Can anyone spot any issues with the new alignment logic? @fhahn @spatel?

llvm/test/Transforms/VectorCombine/load-insert-store.ll
128

I think we still want those two tests i suggested,
they demonstrate that we don't increase alignment from the maximal one allowed.

Please precommit the tests.

spatel added inline comments.Jun 8 2021, 8:02 AM
llvm/test/Transforms/VectorCombine/load-insert-store.ll
23

How do we justify this increase in alignment?
The original code had minimal align 1, so it could be anything. We are creating a scalar store at an address 6 bytes over that, so it could still be anything?

lebedev.ri added inline comments.Jun 8 2021, 9:26 AM
llvm/test/Transforms/VectorCombine/load-insert-store.ll
23

This change is correct.
Before store <...>, align 1, we have already established that the %q is more aligned,
as per the load <...> with an implicit alignment, which isn't 1.
https://alive2.llvm.org/ce/z/C2qnUc

spatel added inline comments.Jun 8 2021, 9:45 AM
llvm/test/Transforms/VectorCombine/load-insert-store.ll
23

Ah, thanks for explaining. IIUC, we add explicit alignment to all load/store in IR now, so we should add the align 16 to this test to avoid confusion - and a test comment would be nice too :).

128

+1 - additional tests and pre-commit will make this easier to understand.

qiucf updated this revision to Diff 350760.Jun 8 2021, 7:06 PM
qiucf marked an inline comment as done.

Add explicit align to affected test.
Add comment for implicit alignment.

spatel added inline comments.Jun 9 2021, 9:39 AM
llvm/test/Transforms/VectorCombine/load-insert-store.ll
128

Let me know if I'm not seeing it, but we want 1 test with nonconst index where the original alignment is less than the presumed alignment for the new scalar store:

define void @src(<8 x i64>* %q, i64 %s, i32 %idx) {
  %cmp = icmp ult i32 %idx, 2
  call void @llvm.assume(i1 %cmp)
  %i = load <8 x i64>, <8 x i64>* %q, align 4
  %vecins = insertelement <8 x i64> %i, i64 %s, i32 %idx
  store <8 x i64> %vecins, <8 x i64>* %q, align 2 ; make this different just to exercise the logic a bit more
  ret void
}
lebedev.ri requested changes to this revision.Jun 9 2021, 9:40 AM

(better, but still not quite there, my previous comments still stand unaddressed...)

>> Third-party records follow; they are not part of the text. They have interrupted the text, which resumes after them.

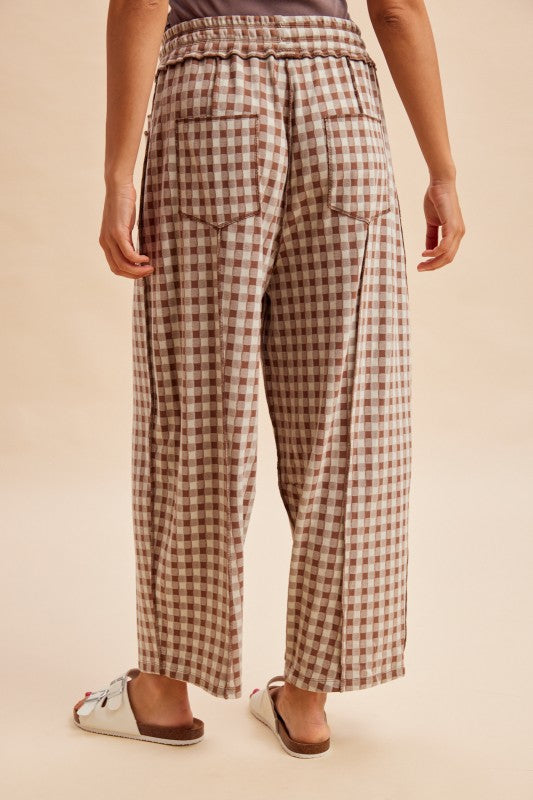 Gingham Barrel Pants - Mocha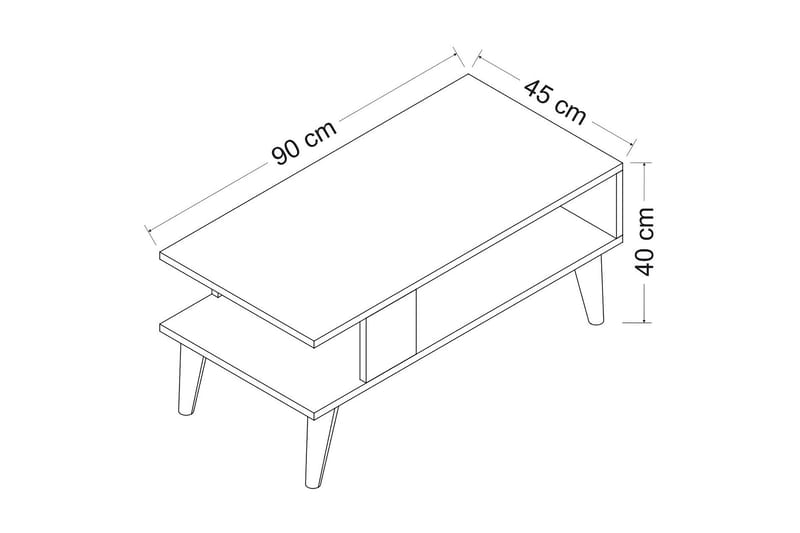 Sofabord Razotaji 90x40x90 cm - Brun - Sofabord & salongbord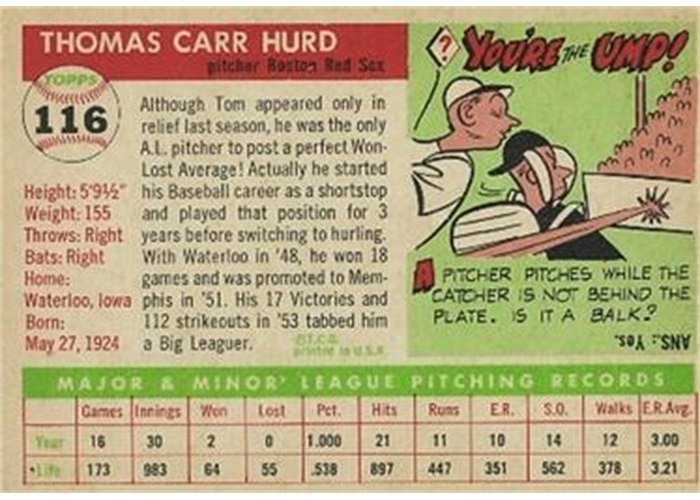 1955 Topps #116 Tom Hurd (back)
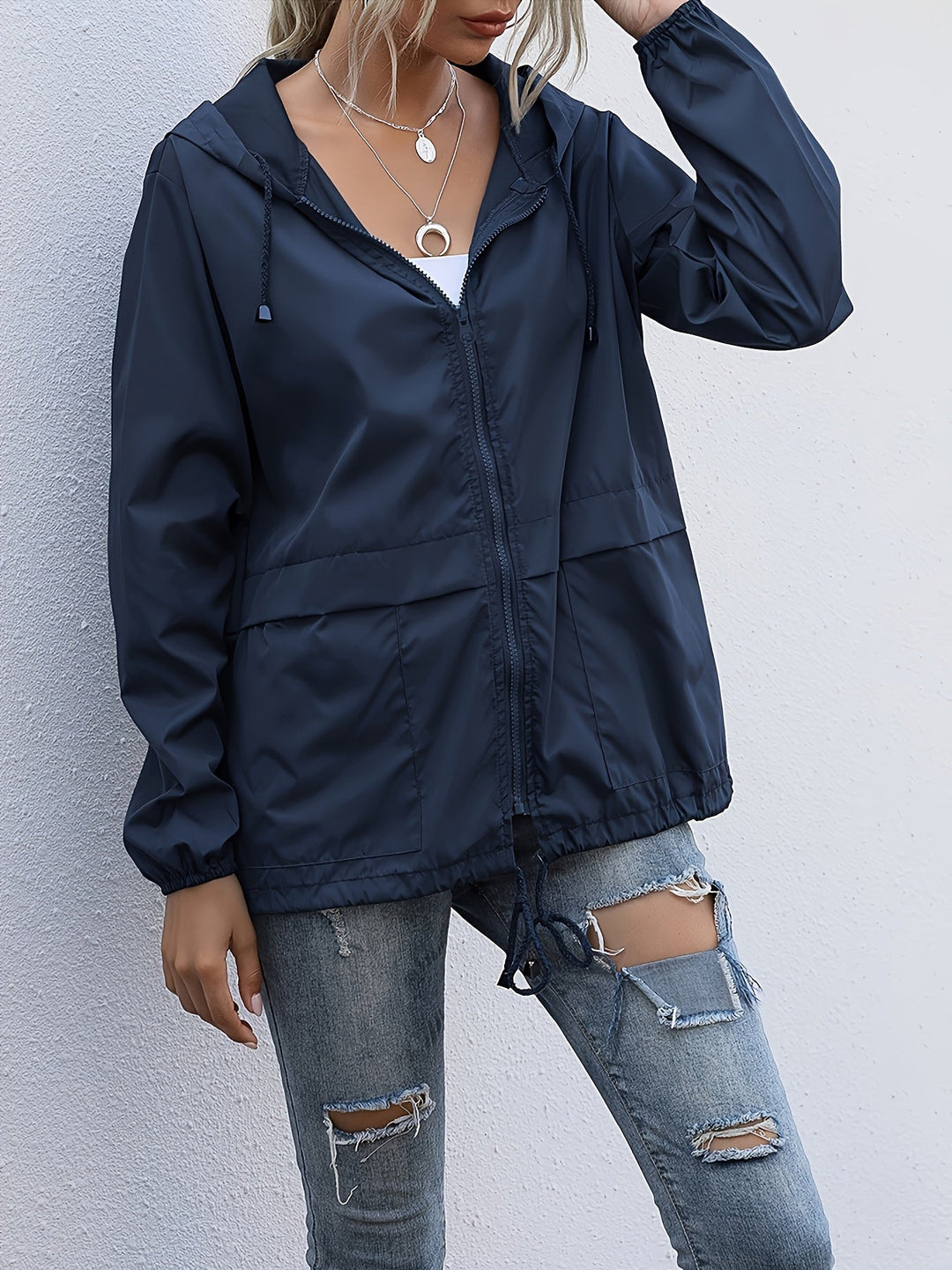 Eva | Effen kleur windjack met lange mouwen
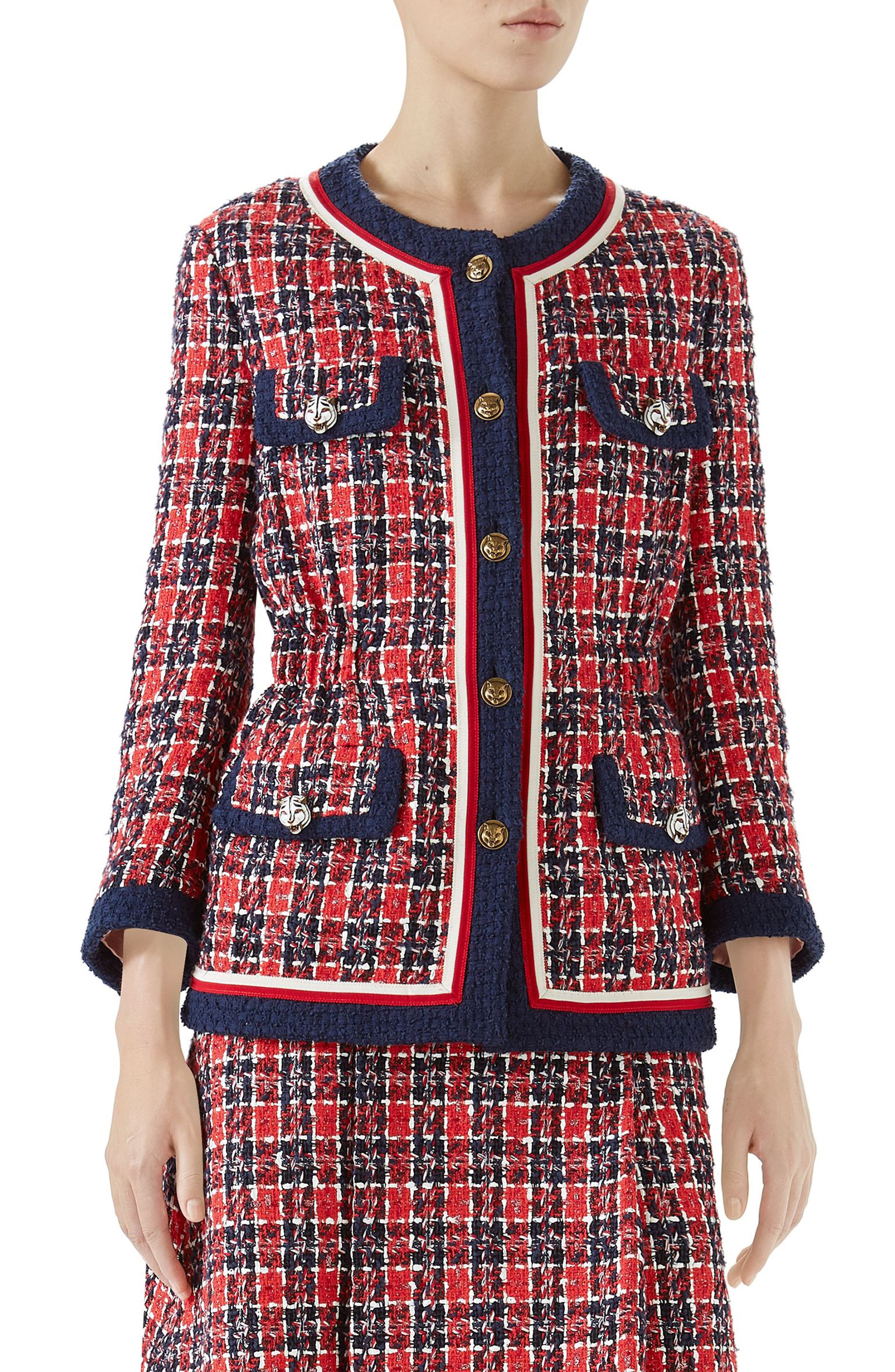 Gucci Cinch Waist Tweed Jacket | Nordstrom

This revision now requires changes to proceed.Jun 9 2021, 9:40 AM
qiucf updated this revision to Diff 351074.Jun 9 2021, 11:31 PM
lebedev.ri accepted this revision.Jun 10 2021, 2:16 AM

LGTM unless there are other comments.
Thanks.

This revision is now accepted and ready to land.Jun 10 2021, 2:16 AM
spatel accepted this revision.Jun 10 2021, 6:12 AM

LGTM

This revision was automatically updated to reflect the committed changes.
qiucf added a comment.Jun 10 2021, 7:32 PM

Landed. Thanks for the review!